Tuesday, January 11, 2011

Rhetoric, Don't Leave Home Without It

A weeping bas-relief in Lyon's Notre-Dame-de-Fourviere

“So act in each instance as to encourage, rather than suppress, the capacity to persuade and to be persuaded . . .” – Henry Johnstone, Jr. “Toward an Ethics of Rhetoric”

     In a previous life I spent my days researching and teaching college freshmen how we reason together about disputed values.  I had earned a graduate degree in that dusty old subject of “rhetoric.”  Even after all these centuries, Aristotle still spoke to us and many modern thinkers had taken up his mantle.
     So often we wave our hand and say, “Oh that’s just mere rhetoric” when politicians speak, meaning “Oh, that’s just nonsense or blather.  They’ll say anything to get you to do what they want.  It doesn’t mean anything.”  Perhaps that’s the effect of Madison Ave. and political talking points taking over where philosophers, literary giants, and statesmen used to influence public discussions.  We seem a bit short on Thomas Jeffersons, James Madisons, and Benjamin Franklins today.
     Rhetorical theorist Wayne C. Booth dedicated his career to studying how and why words (rhetoric) stand as the thin blue line between civilization/civility and violence.  Agreement must be given willingly; it can’t be coerced.  His ideas were echoing in my head all weekend as the reports came in about the attempted assassination in Arizona of Rep. Gabrielle Giffords and the killing and wounding of so many other innocents.
     Already the many political groups who have spent so much energy and public discourse trying to demonize their opponents and scare American citizens about anyone who has a different world-view than they do are denying any influence they might have had on the unbalanced mind of the man who pulled the trigger and ended the life of others.  But as Booth said, ideas (and words) have consequences.
     You can’t one day use words in nonstop news cycles to convince people to vote against an opponent because he is on the verge of destroying America as we know it and then the next day deny that anything you say has influenced anything someone else has done.  Either words matter or they don’t. 
     Booth and a long line of rhetoricians back to Aristotle have argued that an ethical rhetoric is one that gains agreement and moves the world forward by emphasizing common values and cooperation rather than our greatest differences.  It seems such a straightforward and civilized approach to maintaining peace rather than promoting anarchy and violence.  It’s what created the Declaration of Independence and what guided Gandhi and Martin Luther King.
     A few weeks ago I wrote a note to a friend of mine who lives in the United Kingdom.  I asked her to explain why the student protests over tuition hikes over there had turned so violent.  “In my country,” I wrote so smugly, “if we disagree with something politicians do, we just vote them out of office next time around and change the laws they passed.”  I guess that’s just a quaint, antiquarian perspective now.
     The year we adopted our children – 1995 – was the year of the Oklahoma City bombing.  I wondered if I wanted to bring children into an America that had degenerated to this.  Now they’ve seen 9/11, the demonizing of immigrants and Muslims, politicians arguing that every teacher and student should carry guns at school, questioning of the citizenship of their president, and now murder and mayhem by people posting government conspiracy theories on a mySpace page.
     I hope some public leader will step forward and make the argument for my children and their generation that it is still possible to reason together about values, that words can still have good consequences.  I know that I’ll continue in my imperfect way to seek understanding and agreement rather than emphasize division.  I still believe an ethical rhetoric has more power than a gun.  I’ll continue to believe, like Kenneth Burke, that “[y]ou persuade a man only insofar as you can talk his language by speech, gesture, tonality, order, image, attitude, idea, identifying your ways with his.”

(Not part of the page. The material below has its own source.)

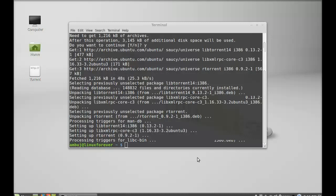So this rtorrent is now installed. Next, I'm going to change the present working directory to my desktop, so cd desktop, hit enter.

Graveside "memoires"at le Cimetière de Pejoces outside Dijon

Comments on the weekend events or your own strivings for cooperation and identification are welcome here.


Lynn at Southern Fried French said...

Julie, This is so beautifully written and timely. It should be required reading for all Americans these days. Thanks for such a thoughtful post.

Tele said...

Mmmmmm. *happy hum*

I'm glad that you've joined SheWrites, Julie, so that I could discover your blog and this post. I'm going to enjoy following your thoughts out here!

Welcome to SheWrites, and be well -

Julie Farrar said...

Ah, Lynn. Je suis desolée I missed your comment earlier. Thank you for reading.

And Tele -- I'm glad to be on SheWrites so I can learn from a motivated group of women.